# Material provided
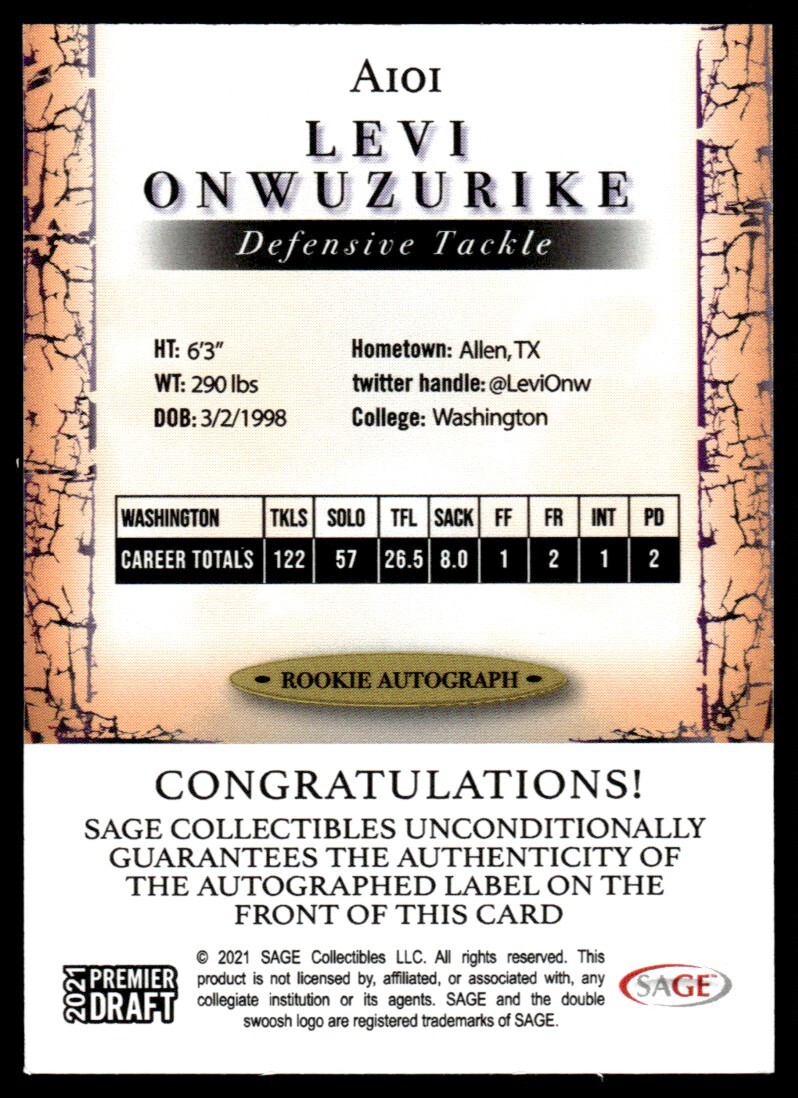 2021 SAGE Premier Draft Red Levi Onwuzurike Rookie Auto #A101 | eBay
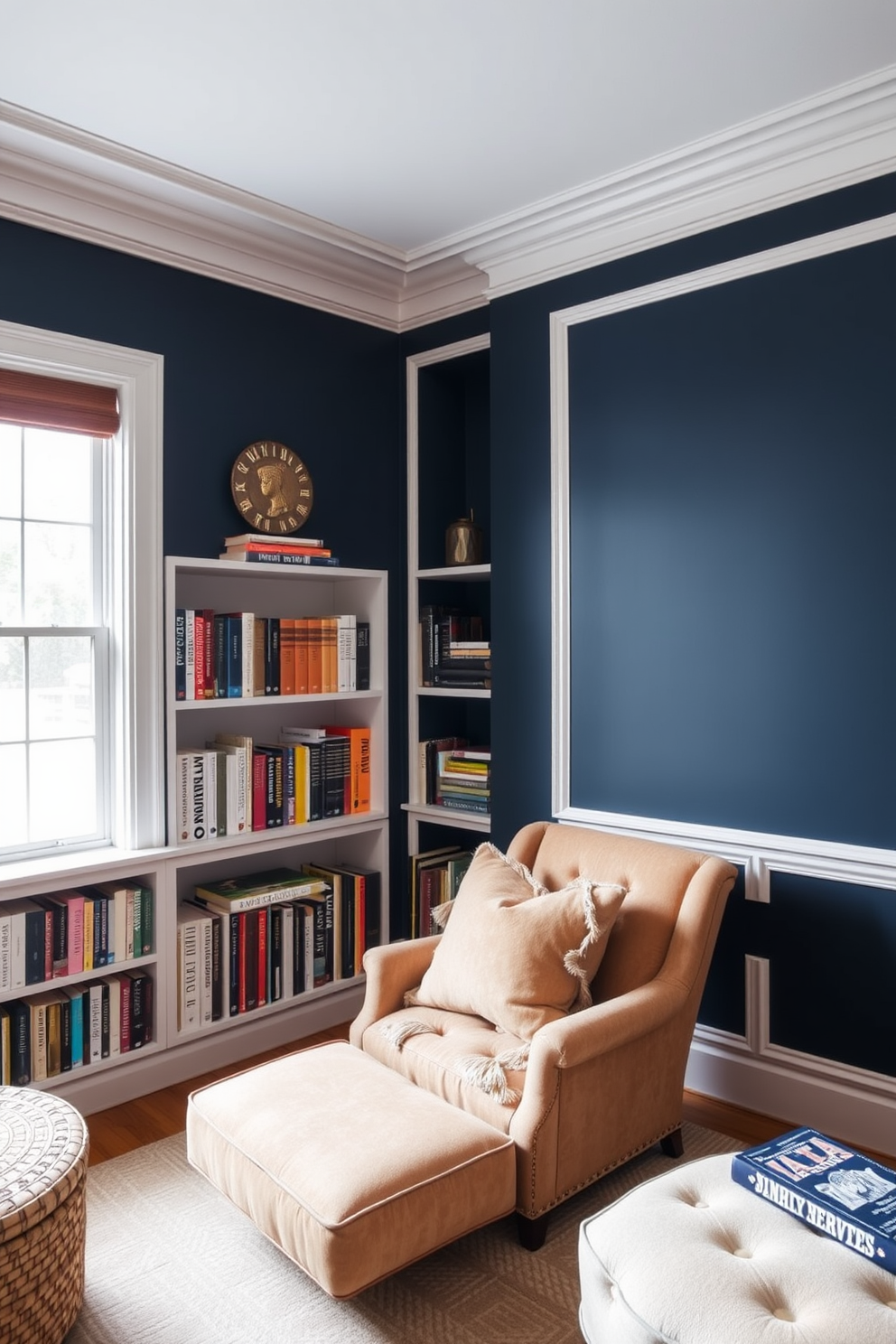 A serene home library with light blue walls complemented by crisp white trim accents. The space features a cozy reading nook with a plush armchair and a small side table, illuminated by a stylish floor lamp. Built-in bookshelves line the walls, filled with an array of books and decorative items. A soft area rug anchors the seating area, while large windows allow natural light to flood the room.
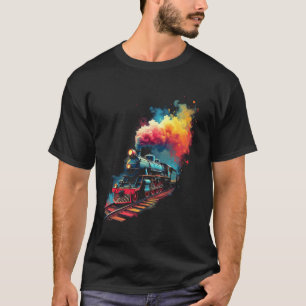 Camiseta Arte retro de locomotora de vapor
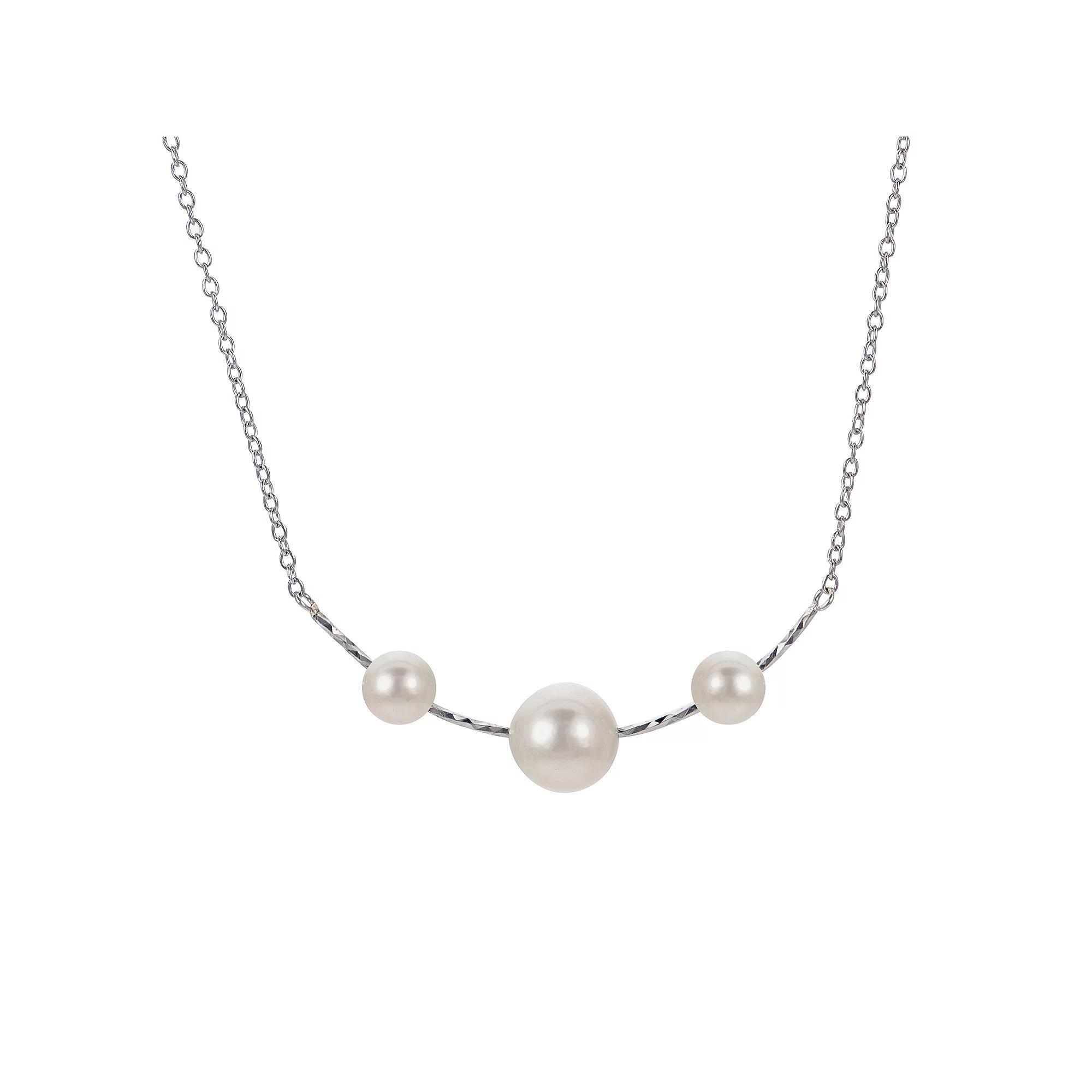 PearLustre by Imperial Sterling Silver Freshwater Cultured Pearl 3-Stone Necklace, Womens Product Image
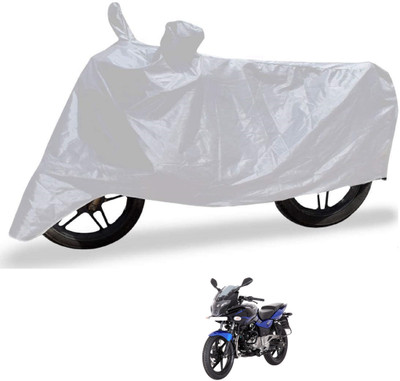 Auto Hub Waterproof Two Wheeler Cover for Bajaj(Pulsar 220F, Silver)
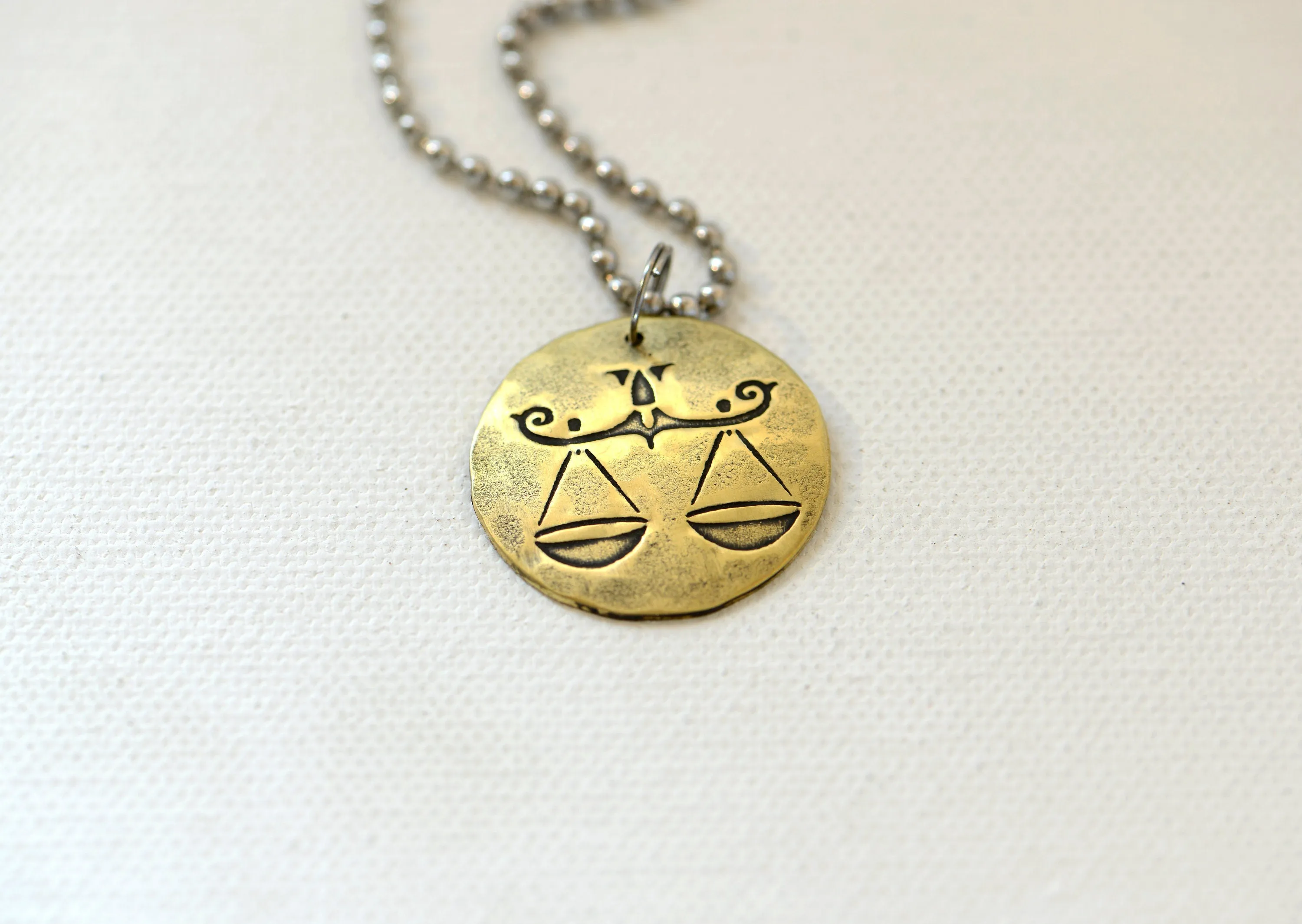 Libra Zodiac Brass Disc Necklace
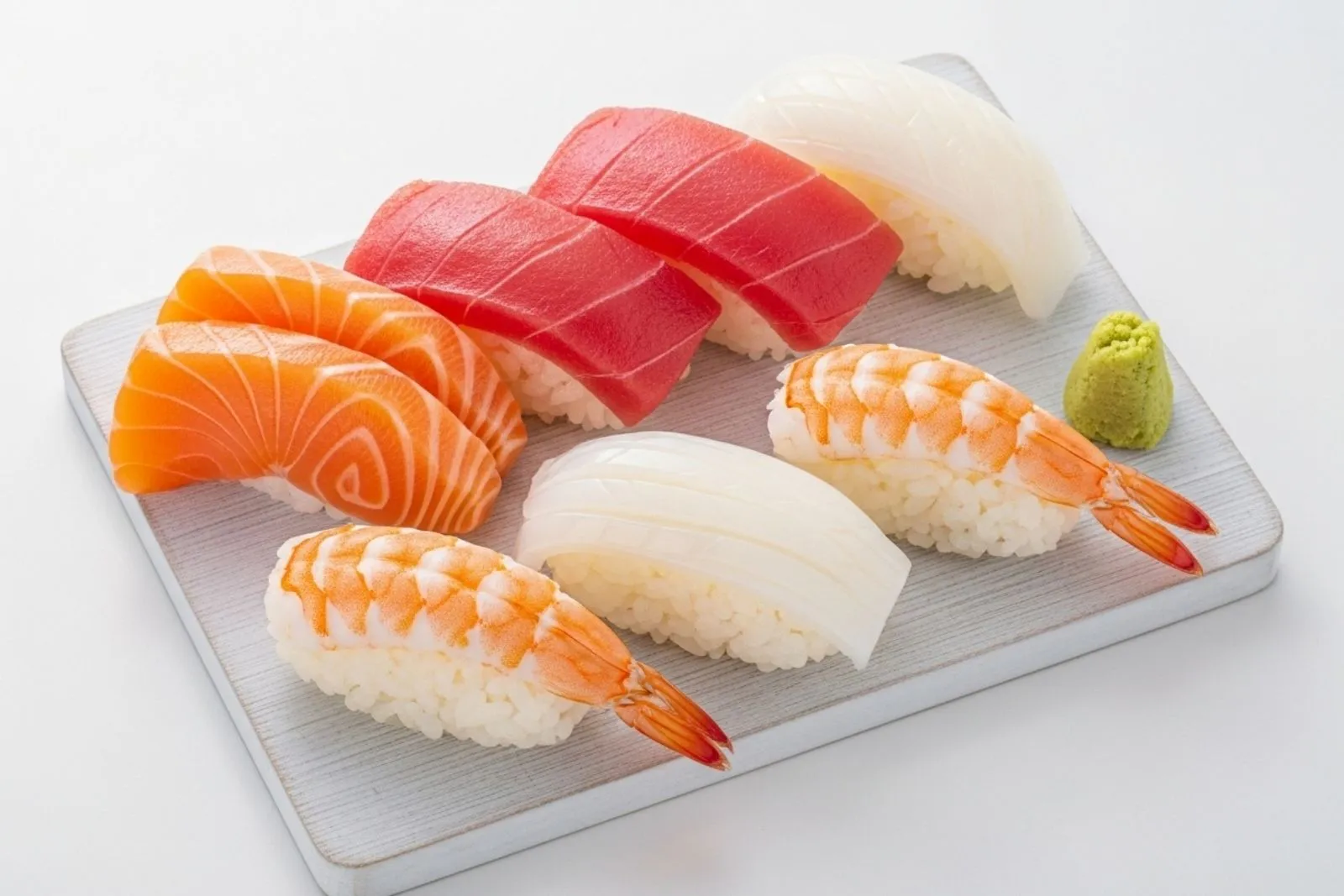 Assorted nigiri sushi platter with salmon, tuna, squid and shrimp with wasabi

# How to complete this task
Reproduce only the lines of the records from the start up to and including the line that holds "Camiseta Arte retro de locomotora de vapor"; do not carry over any picture.

# Task result
 2021 SAGE Premier Draft Red Levi Onwuzurike Rookie Auto #A101 | eBay
 A serene home library with light blue walls complemented by crisp white trim accents. The space features a cozy reading nook with a plush armchair and a small side table, illuminated by a stylish floor lamp. Built-in bookshelves line the walls, filled with an array of books and decorative items. A soft area rug anchors the seating area, while large windows allow natural light to flood the room.
 Camiseta Arte retro de locomotora de vapor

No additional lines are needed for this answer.